Prompt =
First find the line with "On the right-hand" in the entries below, then set down exactly every line through the line with "I tasted the", that line included.

[Dataset entries]
- - - - - - -

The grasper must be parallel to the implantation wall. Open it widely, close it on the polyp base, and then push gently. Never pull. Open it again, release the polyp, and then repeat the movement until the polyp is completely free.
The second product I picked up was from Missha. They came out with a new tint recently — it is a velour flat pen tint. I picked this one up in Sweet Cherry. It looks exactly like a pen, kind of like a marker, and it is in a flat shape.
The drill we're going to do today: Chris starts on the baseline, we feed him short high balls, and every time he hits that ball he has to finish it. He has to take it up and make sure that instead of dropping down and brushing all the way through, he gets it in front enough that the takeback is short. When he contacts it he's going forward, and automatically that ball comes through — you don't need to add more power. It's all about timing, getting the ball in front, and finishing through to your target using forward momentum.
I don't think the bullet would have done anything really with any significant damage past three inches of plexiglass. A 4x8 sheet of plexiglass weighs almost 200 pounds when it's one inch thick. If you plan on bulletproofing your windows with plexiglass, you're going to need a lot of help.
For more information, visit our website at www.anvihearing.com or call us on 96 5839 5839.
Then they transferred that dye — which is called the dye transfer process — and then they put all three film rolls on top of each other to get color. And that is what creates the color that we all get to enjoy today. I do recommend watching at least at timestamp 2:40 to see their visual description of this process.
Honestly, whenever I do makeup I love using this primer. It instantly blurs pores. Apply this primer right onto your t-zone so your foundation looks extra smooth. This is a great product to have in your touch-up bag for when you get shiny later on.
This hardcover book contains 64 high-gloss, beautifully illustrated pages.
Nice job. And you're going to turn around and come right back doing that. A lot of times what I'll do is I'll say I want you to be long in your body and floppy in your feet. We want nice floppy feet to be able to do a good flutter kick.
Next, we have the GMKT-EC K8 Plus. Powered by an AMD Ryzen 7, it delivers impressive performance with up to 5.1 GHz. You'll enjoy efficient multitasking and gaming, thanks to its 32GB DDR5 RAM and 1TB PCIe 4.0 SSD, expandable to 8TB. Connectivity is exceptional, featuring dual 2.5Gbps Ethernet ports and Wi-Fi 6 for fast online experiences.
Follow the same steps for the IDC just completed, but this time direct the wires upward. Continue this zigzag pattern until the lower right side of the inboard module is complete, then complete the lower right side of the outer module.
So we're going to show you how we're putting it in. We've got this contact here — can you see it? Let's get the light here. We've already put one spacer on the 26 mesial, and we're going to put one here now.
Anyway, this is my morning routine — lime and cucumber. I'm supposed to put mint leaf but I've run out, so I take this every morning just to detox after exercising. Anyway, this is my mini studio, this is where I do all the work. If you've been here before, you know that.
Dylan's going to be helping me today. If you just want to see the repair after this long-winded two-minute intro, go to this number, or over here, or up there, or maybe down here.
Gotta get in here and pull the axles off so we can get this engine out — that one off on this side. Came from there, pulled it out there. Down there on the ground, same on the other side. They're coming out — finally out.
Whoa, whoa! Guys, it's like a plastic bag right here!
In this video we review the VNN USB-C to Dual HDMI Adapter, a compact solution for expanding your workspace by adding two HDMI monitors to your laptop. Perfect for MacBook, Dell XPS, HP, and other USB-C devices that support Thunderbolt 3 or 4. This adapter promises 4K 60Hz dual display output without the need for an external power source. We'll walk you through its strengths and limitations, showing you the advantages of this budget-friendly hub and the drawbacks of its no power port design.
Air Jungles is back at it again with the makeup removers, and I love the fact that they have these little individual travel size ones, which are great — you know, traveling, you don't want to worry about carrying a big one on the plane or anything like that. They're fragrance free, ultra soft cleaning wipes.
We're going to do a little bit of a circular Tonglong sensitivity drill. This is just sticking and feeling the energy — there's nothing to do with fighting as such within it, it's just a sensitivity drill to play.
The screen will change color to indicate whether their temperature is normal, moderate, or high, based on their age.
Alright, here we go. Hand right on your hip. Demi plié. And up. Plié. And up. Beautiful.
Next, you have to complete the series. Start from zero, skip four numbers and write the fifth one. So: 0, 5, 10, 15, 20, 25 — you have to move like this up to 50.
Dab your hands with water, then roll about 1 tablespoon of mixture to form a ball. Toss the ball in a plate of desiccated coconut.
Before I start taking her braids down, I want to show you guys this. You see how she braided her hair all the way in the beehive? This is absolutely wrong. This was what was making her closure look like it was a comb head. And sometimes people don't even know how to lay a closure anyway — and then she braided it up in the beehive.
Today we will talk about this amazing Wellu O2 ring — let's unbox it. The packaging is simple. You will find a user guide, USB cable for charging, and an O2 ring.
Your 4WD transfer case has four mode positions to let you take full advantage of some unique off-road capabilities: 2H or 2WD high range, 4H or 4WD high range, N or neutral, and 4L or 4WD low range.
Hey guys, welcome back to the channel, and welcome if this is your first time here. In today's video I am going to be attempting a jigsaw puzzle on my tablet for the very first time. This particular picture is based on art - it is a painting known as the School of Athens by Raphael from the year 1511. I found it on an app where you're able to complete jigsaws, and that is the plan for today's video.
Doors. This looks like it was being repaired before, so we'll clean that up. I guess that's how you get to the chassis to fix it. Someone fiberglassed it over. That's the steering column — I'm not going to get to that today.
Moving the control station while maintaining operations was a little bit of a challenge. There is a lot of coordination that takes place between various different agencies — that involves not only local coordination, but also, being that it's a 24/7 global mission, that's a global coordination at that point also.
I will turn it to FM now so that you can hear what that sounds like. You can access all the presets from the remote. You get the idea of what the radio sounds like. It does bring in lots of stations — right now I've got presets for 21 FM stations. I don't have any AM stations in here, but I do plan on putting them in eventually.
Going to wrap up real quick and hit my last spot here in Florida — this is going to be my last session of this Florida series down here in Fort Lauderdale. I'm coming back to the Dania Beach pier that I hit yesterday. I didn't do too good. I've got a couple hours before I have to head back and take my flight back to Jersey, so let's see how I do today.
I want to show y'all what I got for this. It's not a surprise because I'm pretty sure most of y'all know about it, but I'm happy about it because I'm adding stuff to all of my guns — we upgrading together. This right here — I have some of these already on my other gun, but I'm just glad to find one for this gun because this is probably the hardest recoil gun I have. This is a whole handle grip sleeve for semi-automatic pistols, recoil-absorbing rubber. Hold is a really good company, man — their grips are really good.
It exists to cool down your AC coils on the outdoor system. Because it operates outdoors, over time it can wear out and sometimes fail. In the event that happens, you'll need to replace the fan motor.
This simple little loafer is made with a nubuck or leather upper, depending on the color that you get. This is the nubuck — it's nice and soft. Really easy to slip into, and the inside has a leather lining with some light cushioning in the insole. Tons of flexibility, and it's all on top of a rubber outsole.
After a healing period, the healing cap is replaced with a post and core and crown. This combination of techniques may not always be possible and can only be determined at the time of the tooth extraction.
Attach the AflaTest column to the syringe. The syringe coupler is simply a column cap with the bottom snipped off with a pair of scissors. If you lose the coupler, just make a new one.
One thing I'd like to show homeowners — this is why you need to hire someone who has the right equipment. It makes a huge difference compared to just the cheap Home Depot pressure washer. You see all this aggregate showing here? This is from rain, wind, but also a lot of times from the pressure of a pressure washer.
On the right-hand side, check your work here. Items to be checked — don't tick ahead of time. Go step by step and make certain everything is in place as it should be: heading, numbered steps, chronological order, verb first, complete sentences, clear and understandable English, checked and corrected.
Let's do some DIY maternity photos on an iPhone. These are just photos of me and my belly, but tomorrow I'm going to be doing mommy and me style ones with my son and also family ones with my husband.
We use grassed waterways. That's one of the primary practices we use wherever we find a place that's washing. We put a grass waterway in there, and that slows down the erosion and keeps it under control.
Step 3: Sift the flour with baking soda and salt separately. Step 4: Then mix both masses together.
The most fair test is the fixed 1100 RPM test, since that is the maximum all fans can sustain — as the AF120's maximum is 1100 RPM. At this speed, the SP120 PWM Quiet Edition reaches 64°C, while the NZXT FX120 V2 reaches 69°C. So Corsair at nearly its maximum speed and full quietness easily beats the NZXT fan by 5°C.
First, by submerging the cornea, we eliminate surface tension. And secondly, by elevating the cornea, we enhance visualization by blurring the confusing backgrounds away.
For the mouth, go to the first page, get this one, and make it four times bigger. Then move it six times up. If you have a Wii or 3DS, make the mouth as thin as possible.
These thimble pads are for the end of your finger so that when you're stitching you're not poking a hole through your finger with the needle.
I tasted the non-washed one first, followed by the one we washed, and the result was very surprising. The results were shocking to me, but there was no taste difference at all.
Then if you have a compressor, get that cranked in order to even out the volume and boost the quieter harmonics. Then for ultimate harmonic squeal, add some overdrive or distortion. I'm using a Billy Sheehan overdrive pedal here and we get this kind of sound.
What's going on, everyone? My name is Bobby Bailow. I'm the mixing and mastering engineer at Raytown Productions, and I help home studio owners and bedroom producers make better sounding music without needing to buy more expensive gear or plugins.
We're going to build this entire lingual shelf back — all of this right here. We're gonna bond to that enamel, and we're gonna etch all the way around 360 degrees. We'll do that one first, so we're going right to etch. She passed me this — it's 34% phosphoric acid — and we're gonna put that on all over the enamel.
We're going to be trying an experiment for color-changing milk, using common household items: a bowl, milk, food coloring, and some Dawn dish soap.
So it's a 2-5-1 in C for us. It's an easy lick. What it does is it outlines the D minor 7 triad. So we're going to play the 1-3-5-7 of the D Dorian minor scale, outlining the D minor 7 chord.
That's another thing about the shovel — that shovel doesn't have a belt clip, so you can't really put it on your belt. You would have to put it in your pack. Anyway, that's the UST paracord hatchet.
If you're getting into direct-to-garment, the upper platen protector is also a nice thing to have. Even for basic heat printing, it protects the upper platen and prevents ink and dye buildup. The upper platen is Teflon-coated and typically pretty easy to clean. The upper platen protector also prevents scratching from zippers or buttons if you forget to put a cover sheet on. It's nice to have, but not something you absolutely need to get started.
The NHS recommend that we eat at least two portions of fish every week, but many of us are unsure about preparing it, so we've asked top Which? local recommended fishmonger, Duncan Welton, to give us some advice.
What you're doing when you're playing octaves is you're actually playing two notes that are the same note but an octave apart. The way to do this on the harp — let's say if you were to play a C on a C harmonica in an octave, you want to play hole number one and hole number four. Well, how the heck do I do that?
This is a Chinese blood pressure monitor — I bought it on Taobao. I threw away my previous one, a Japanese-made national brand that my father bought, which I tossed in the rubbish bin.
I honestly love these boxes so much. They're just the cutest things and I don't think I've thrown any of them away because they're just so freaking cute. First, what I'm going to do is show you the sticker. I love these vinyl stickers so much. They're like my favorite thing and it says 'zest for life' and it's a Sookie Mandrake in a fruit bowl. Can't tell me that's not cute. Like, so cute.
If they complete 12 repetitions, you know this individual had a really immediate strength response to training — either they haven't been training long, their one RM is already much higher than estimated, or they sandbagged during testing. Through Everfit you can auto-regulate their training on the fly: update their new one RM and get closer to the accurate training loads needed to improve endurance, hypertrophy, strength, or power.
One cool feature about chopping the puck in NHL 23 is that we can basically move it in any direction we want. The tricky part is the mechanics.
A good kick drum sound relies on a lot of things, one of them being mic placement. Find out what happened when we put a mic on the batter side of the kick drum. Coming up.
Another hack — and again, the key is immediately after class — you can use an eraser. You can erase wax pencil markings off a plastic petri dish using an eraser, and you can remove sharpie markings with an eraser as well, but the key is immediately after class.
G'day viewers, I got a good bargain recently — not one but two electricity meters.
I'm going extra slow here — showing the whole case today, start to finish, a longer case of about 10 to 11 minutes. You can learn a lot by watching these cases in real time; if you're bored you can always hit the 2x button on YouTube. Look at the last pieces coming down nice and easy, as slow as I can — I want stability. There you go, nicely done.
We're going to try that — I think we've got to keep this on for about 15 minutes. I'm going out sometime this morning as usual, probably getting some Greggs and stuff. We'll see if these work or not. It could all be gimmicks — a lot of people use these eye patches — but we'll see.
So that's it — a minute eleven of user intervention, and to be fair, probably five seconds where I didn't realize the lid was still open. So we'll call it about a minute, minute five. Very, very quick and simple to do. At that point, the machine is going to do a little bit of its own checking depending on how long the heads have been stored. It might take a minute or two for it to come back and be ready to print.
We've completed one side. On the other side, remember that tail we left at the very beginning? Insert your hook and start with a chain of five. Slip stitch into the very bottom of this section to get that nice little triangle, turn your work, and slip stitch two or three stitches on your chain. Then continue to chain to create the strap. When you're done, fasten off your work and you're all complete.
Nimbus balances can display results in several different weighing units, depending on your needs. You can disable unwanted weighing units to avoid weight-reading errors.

- - - - - - -

Expected answer =
On the right-hand side, check your work here. Items to be checked — don't tick ahead of time. Go step by step and make certain everything is in place as it should be: heading, numbered steps, chronological order, verb first, complete sentences, clear and understandable English, checked and corrected.
Let's do some DIY maternity photos on an iPhone. These are just photos of me and my belly, but tomorrow I'm going to be doing mommy and me style ones with my son and also family ones with my husband.
We use grassed waterways. That's one of the primary practices we use wherever we find a place that's washing. We put a grass waterway in there, and that slows down the erosion and keeps it under control.
Step 3: Sift the flour with baking soda and salt separately. Step 4: Then mix both masses together.
The most fair test is the fixed 1100 RPM test, since that is the maximum all fans can sustain — as the AF120's maximum is 1100 RPM. At this speed, the SP120 PWM Quiet Edition reaches 64°C, while the NZXT FX120 V2 reaches 69°C. So Corsair at nearly its maximum speed and full quietness easily beats the NZXT fan by 5°C.
First, by submerging the cornea, we eliminate surface tension. And secondly, by elevating the cornea, we enhance visualization by blurring the confusing backgrounds away.
For the mouth, go to the first page, get this one, and make it four times bigger. Then move it six times up. If you have a Wii or 3DS, make the mouth as thin as possible.
These thimble pads are for the end of your finger so that when you're stitching you're not poking a hole through your finger with the needle.
I tasted the non-washed one first, followed by the one we washed, and the result was very surprising. The results were shocking to me, but there was no taste difference at all.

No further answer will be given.